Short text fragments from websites
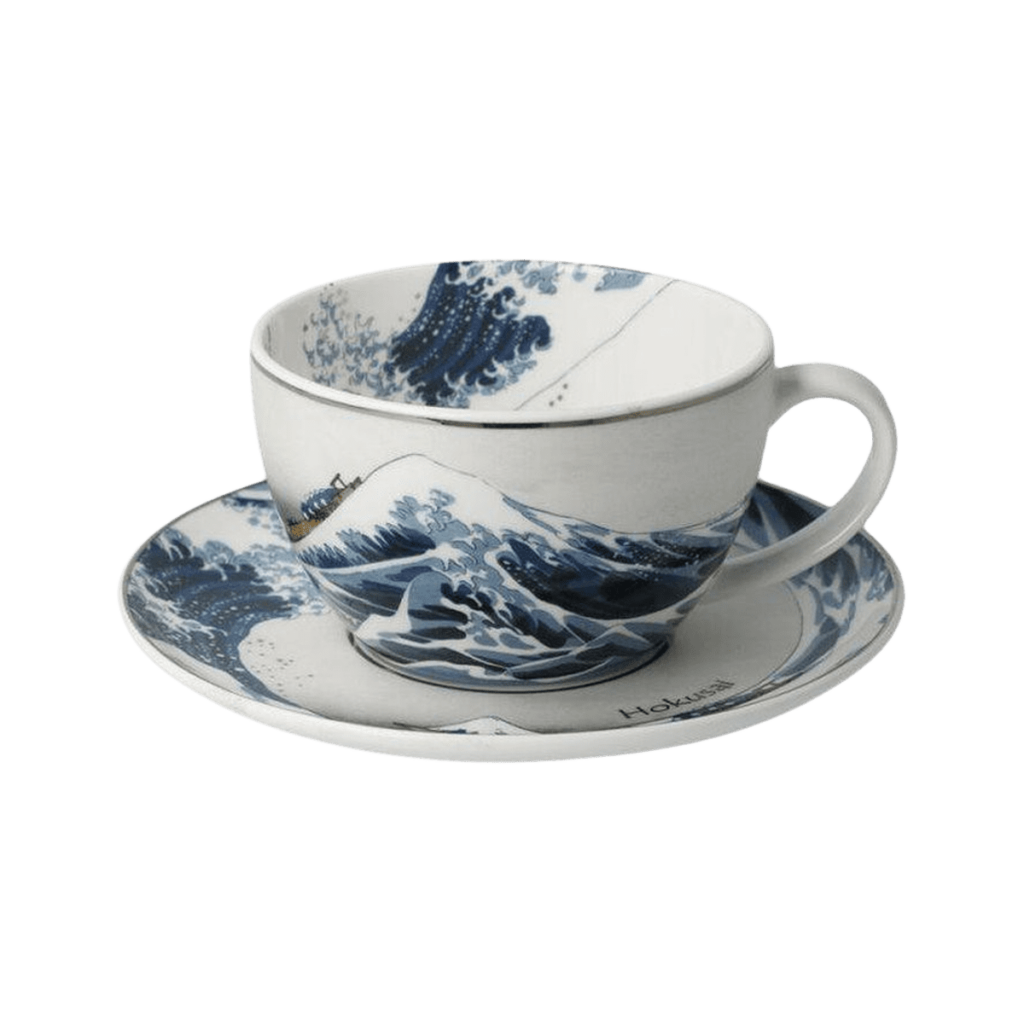 Tasse à thé en porcelaine fine Hokusaï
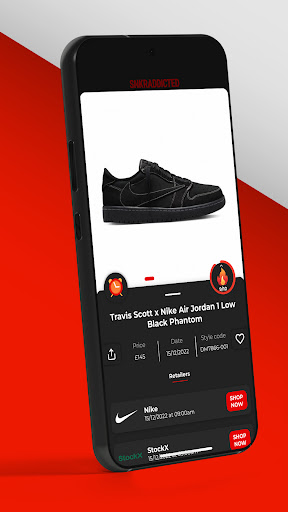 Android application SNKRADDICTED – Sneaker App screenshort
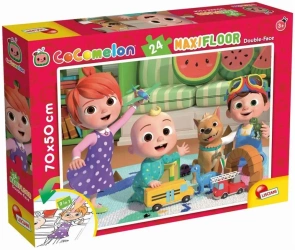 Cocomelon - Dwustronne puzle podłogowe 24 - Lisciani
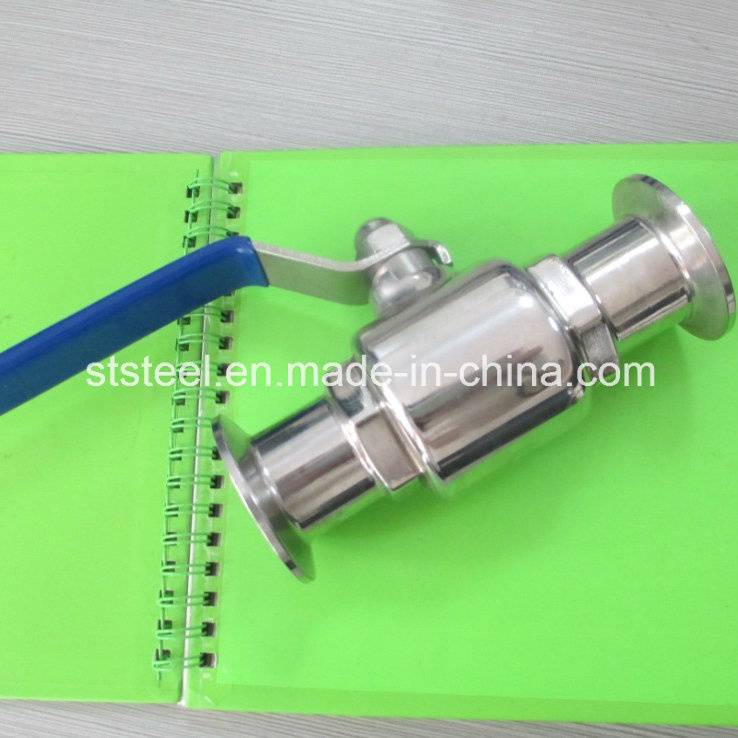 Straight Ss304 Sanitary Maled Ball Valve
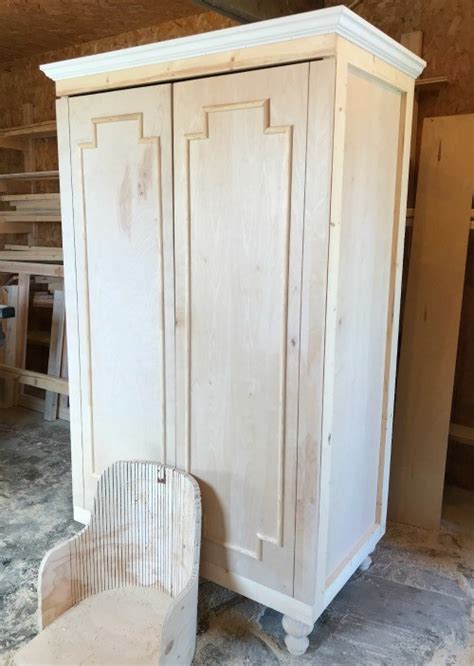 How To Build A Diy Wardrobe Armoire Storage Cabinet With Shelves 2023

§ **WHAT NEEDS TO BE DONE**:
Print only the lines from the line that contains "Straight Ss304 Sanitary Maled Ball Valve" to the final line of the data, inclusive. Pictures stay out.

§ **EXERCISE RESPONSE**:
 Straight Ss304 Sanitary Maled Ball Valve
 How To Build A Diy Wardrobe Armoire Storage Cabinet With Shelves 2023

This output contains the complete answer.